Today is the day, the last day, the first day, the only day that really, truly mattered. The imposter inside me quivers and slips away with every tip of the brush, almost as if the tools of my trade could paint my face into the colors of my soul. As if I can somehow create myself through the layers, so you can see me finally, for who I am.

I am burning all over and I think it’s a fever but probably just fear, because what will I do if this doesn’t work?

Your face is so calm that it breaks my bones. I’m shattering. I’m dreaming of glimmering angel hairs and sloppy seal kisses and your fingers curling around my heart, squeezing so hard that my eyeballs roll and tiny droplets cover the floor, spraying an arc through the air. My hand is trailing over your face, the blood vessels pounding in unison, as if you can finally breathe me in.

I swipe at my face and the real me I painted on so carefully is dripping down, gently burning through all the layers I’d thought I had, until I get to the bottom and there’s nothing there. And even though I want to cry, scream, at the sensation of being nothing, my body revolts against me and there’s just nothing, no sound, no tears, just the fleeting flicker of pain.

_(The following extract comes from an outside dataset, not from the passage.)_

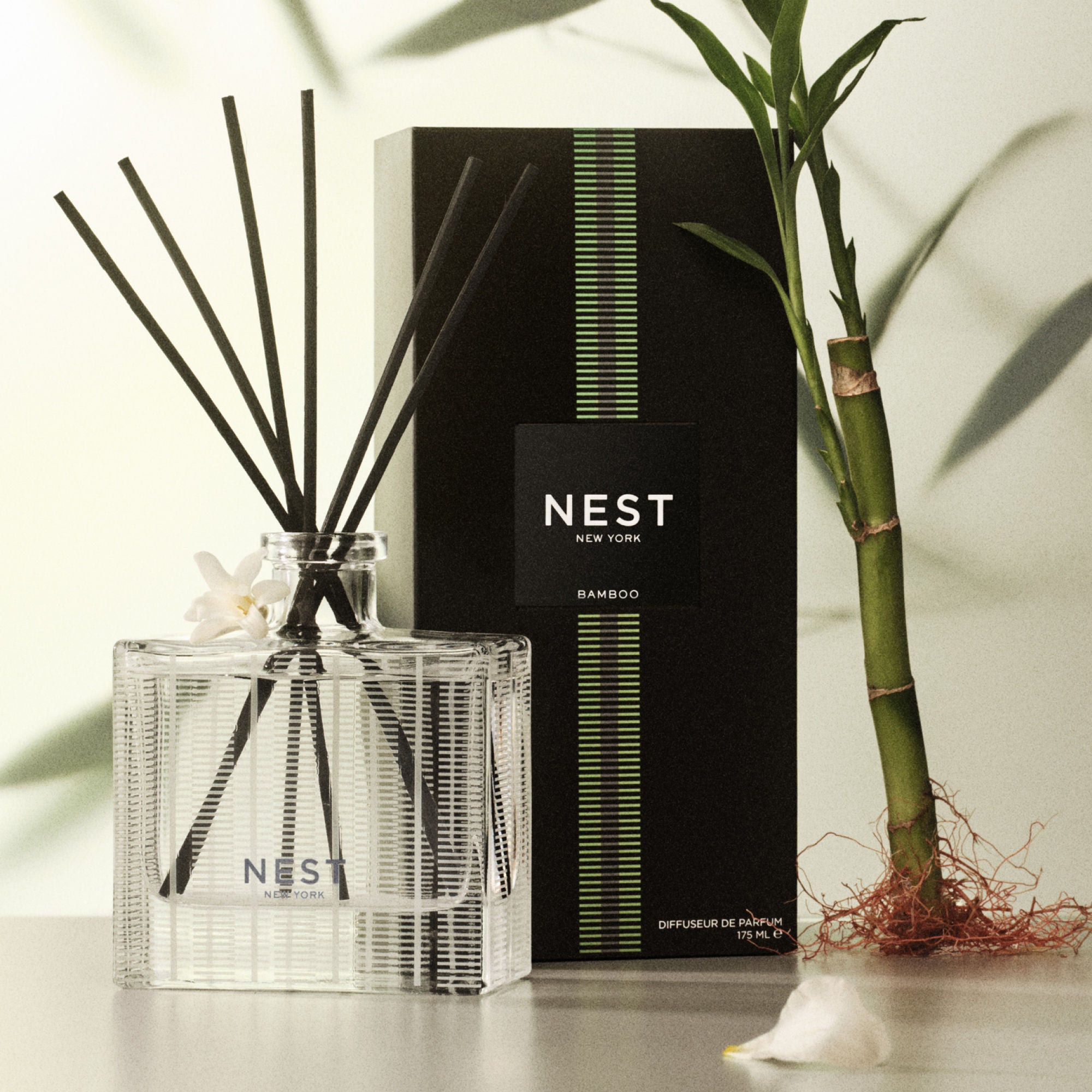 Premium Bamboo Reed Diffuser Set - Natural Home Fragrance Oil Diffuser with 6 Rattan Reeds - Aromatherapy Gift for Living Room, Bedroom & Office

I press down, hard, and you wail, your tiny nose strangely squishy under my fingers. Your rosebud mouth curling open and closed like the ocean tides, gathering the decibels of the room. The scream sucks the life out of this room and the cheery light fixtures shudder under the weight as I push and push, trying to extinguish what won’t love me, what won’t see me.

They don’t understand. They’ll never understand what it’s like to watch you breathe without me, watch you smile at anything but me, watch you exist in wake of my emptiness. They’ll never understand how it hurts me to be so close and so far, my fingers touching your skin, prying you open, while your open eyes stay closed. They don’t know. It never should have been this way.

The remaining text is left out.